The following discussion is the copyright of Rowan Cahill. It may be downloaded and copied for the purposes of study, review, criticism, with due acknowledgement.


Questions frequently asked when introduced as a co-author of Radical Sydney (2010) are: “What is radicalism?”; “Is radicalism dead?”; and specifically with regard to Australia, “Where is radicalism today?”. Often, it seems, the unstated, implied premise behind some of these questions is that radicalism once was, but is no more, a questioning underpinned by senses of defeat, confusion, with a hint of nostalgia thrown in. [1]


Radicalism is contextual. It has many manifestations, ranging from political struggle, through to the expression of ideas and thoughts in any media form. What is regarded as radical in one time/place, is not necessarily radical in another time/place.
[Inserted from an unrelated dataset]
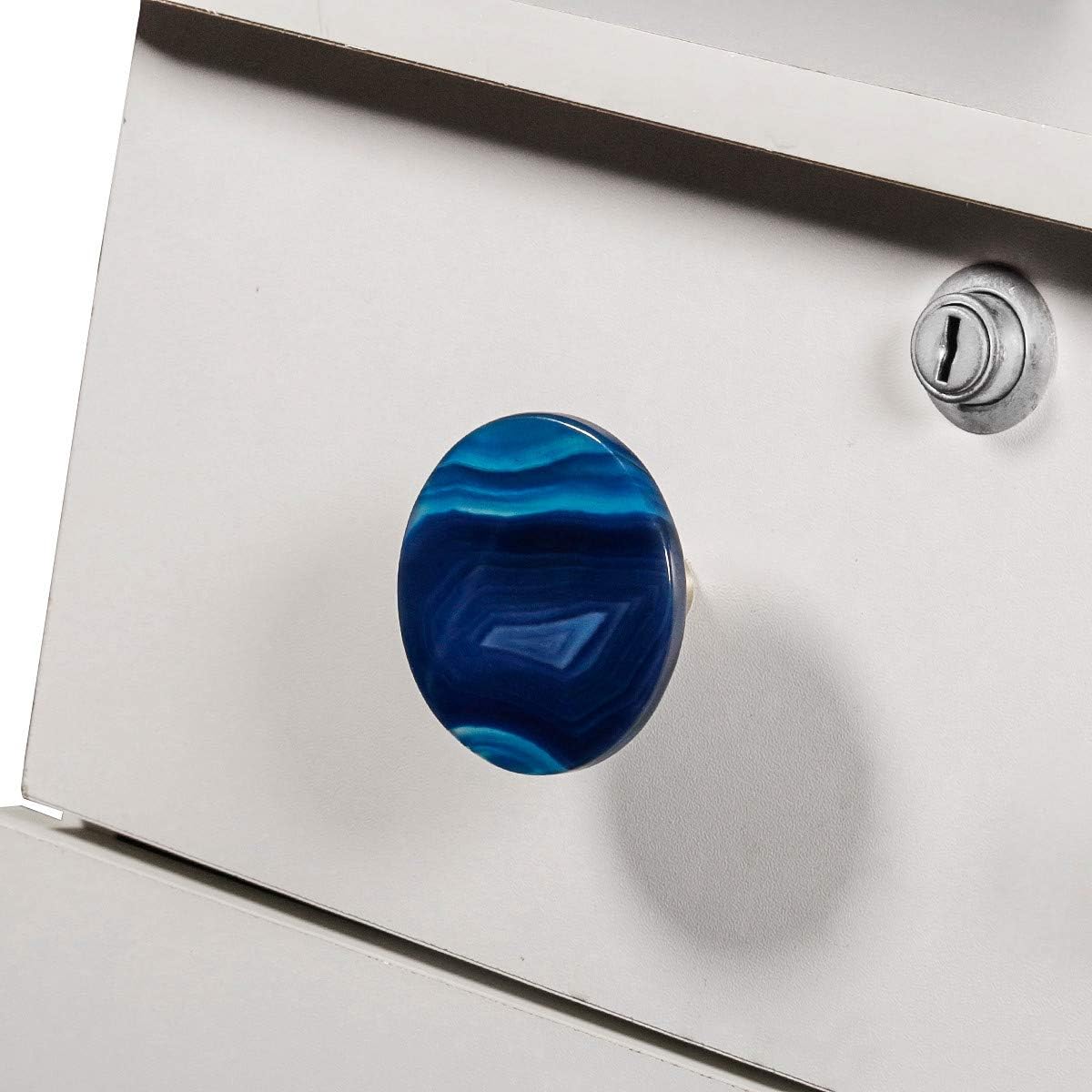 mookaitedecor 4 PCS Agate Slice Cabinet Knobs with Screws, Round Kitchen Drawer Pulls Handles Crystal-Knobs for Dresser Bathroom Cupboard Decorative, Blue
So, for example, as Tony Moore points out in Death or Liberty (2010), the thousands of political prisoners transported to Australian prison colonies by British authorities between 1788-1868 in an attempt to quell, emasculate radicalism, were criminalized for advocating political rights and freedoms we now take for granted in Australia and Britain. [2]


Radicalism has no template, and cannot be defined in terms of policies or positions set in stone. As Terry Irving and I have noted, with ‘left’ radicalism in mind: “People make history in a radical way whenever they pursue human dignity and social justice beyond the limits preferred, tolerated and prescribed by the systems imposed by the rulers of their societies, and in doing so variously draw upon the manifold tactics of dissent, protest, civil disobedience, and resistance”. The latter may involve clandestinity, and insurgency. [3]


John Brewer, writing about party ideology and politics during the time of George 111, defined radicalism as “not what approximates to some notional political scheme, but any position which, if fulfilled, would undermine or overturn existing political authority. It has, in other words, to be defined contextually, and particularly with regard to the ideology and institutions that support prevailing authority”. Note Brewer’s italicised emphasis. [4]

The Michigan-based Journal for the Study of Radicalism defines radicalism loosely; radicals are those who seek “revolutionary alternatives to hegemonic social and political institutions, and who use violent or non-violent means to resist authority and to bring about change”. [5]

Importantly, radicalism can be defined as ‘left’ or ‘right’; historically it is a politics common across the political spectrum.


Since the 1960s, a great deal of scholarship has been undertaken in Australia in the sub-discipline of labour history, a genre of ‘history from below’. One of the achievements of this research has been the documentation and resurrection of the submerged history of Australian working class and labour movement radicalism. However this should not invite the conclusion that radicalism is confined in Australia to one class, nor that it is the prerogative of one class—the working class, however defined.

So, for example, the radicalism and social protest movements that convulsed Australian society during the 1960s and early 1970s transcended class lines, involving middle and working class people and organisations in a wide range of issues and causes. In this process also, traditional and long standing distinctions and barriers regarding age, race, sexuality, gender, were variously, at times painfully and/or tentatively, confronted, with varying degrees of success, by participant activists. [6]

To conceptualise radicalism as a one-class phenomenon is to simplify and distort history and our understanding of social processes. Ironically, and sadly, it also goes some way towards curtailing both the imagination of future radicalism, and the realisation in practice of radical possibilities. [7]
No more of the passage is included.